Repo for Training ML assets for Cerulean
Apache License 2.0
1 stars 0 forks source link

apply coco dataset creation to validation, train, and test set #17

Open rbavery opened 2 years ago

rbavery commented 2 years ago

Now that the dataset is almost finalized, we can start breaking apart the train, val, and test sets. I think the best way to do this is in the dataloading step by defining a splitter function that works for the icevision and fastai2 trainers. This would involve defining lists of scene ids for our train set, validation sets, and test sets. From the Phase 2 Doc, these are the guidelines for how we should split these out:

For the validation set, we suggest having at a minimum, 5 whole image samples of each class and for the test set we suggest having at least 2 of each class.

More samples in the validation set will allow us to be more confident in the robustness of the metrics we use to make decisions that affect model performance and more samples in the test set will give scientific users of Cerulean more confidence in the robustness of the results. We recommend Jona having oversight over all annotations and particular oversight over annotations in the validation and test sets. Ideally, we would split the validation and test sets into different folders based on 1) hard negatives (oil slick look alikes that are especially difficult to annotate and detect), 2) positive samples (background pixels in both of these categories will comprise the easy negative category).

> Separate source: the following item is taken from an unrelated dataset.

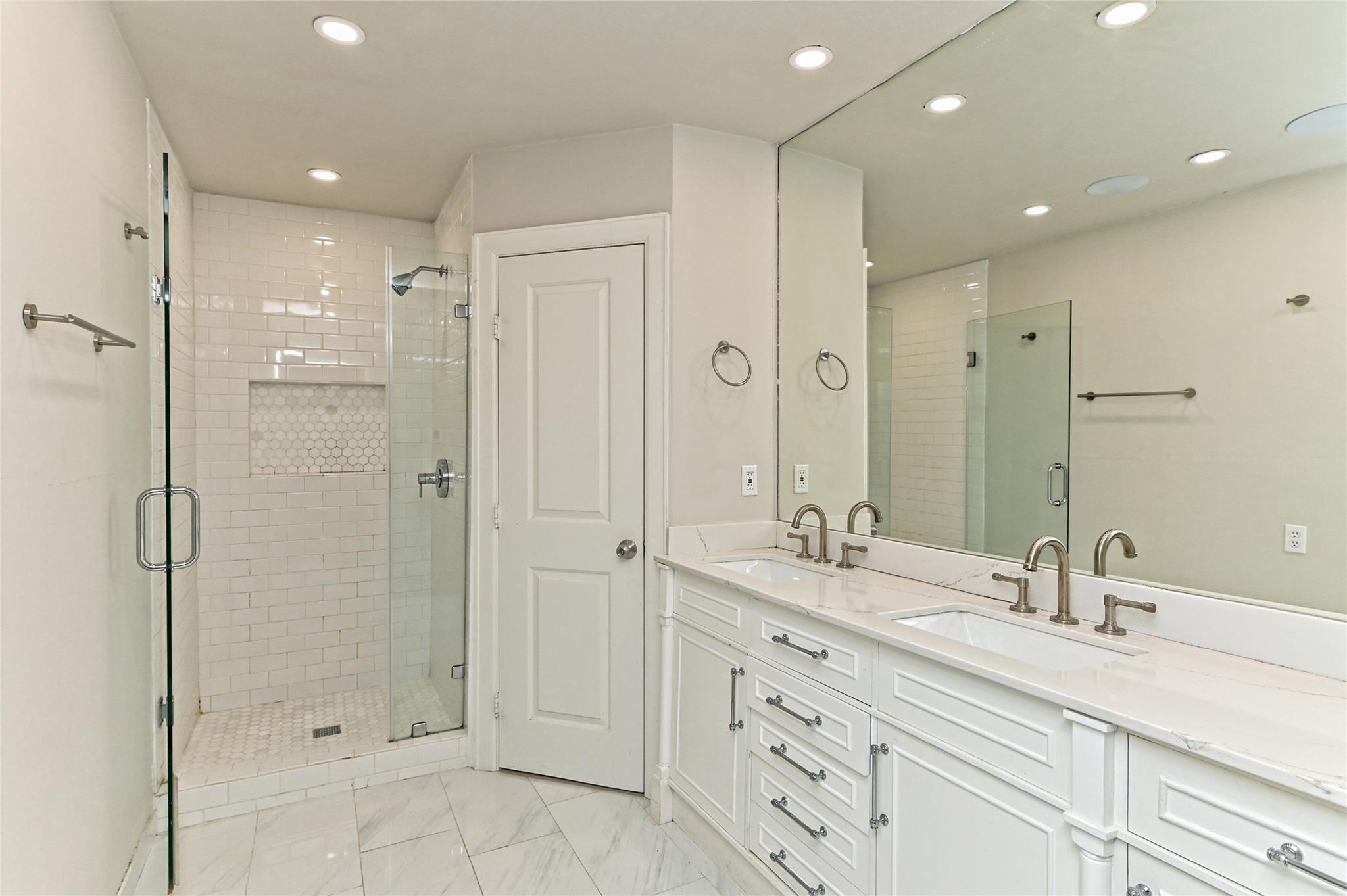 2709 W 49 1/2 St, Austin, TX 78731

This will allow us to calculate metrics on each of these categories separately and have greater insight into where the model has difficulty.

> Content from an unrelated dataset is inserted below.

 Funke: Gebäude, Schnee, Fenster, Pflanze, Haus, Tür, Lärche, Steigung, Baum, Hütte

So I'm thinking the sets of scene ids we need to define as list are as follows:

1: "Infrastructure", 2: "Natural Seep", 3: "Coincident Vessel", 4: "Recent Vessel", 5: "Old Vessel",

@jonaraphael do you want to select these scenes we will use to evaluate yourself? I recall that we wanted to select scenes that were annotated with particular detail and attention. If not just let me know and we can do this.

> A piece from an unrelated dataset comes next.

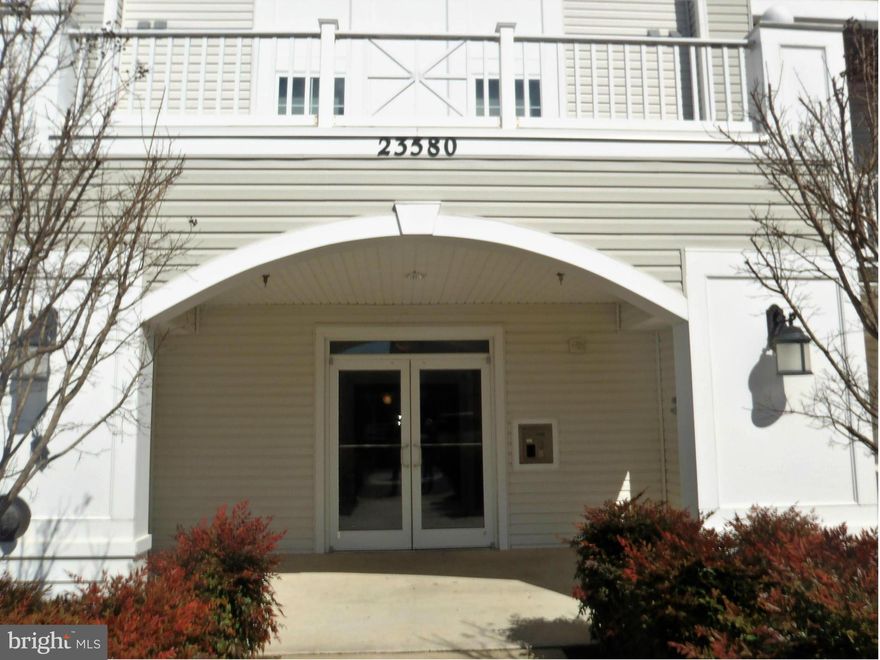 RECENT neutral paint throughout.Spacious condo with beautiful hardwood floors.Open floor plan, breakfast bar with plenty of counter space.Master bedroom features a large walk in closet and full bath with double vanity.This condo comes with a BONUS,Garage space #22.Visit nearby Solomon's Island for some great restaurants and entertainment. Home Warranty included. Movie theater and shopping nearby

rbavery commented 2 years ago

We'll instead select a random sample on a scene basis to ensure the following number of samples for each class are represented:

I think we can then sort these scenes into folders like so

train/ class_folder_1 N folders for scene samples .... validation/ class_folder_1 10 folders for scene samples ... test/ class_folder_1 3 folders for scene samples ...

lillythomas commented 2 years ago

Completed in PR #80. The partitioned data is visible in gs://ceruleanml/partitions/.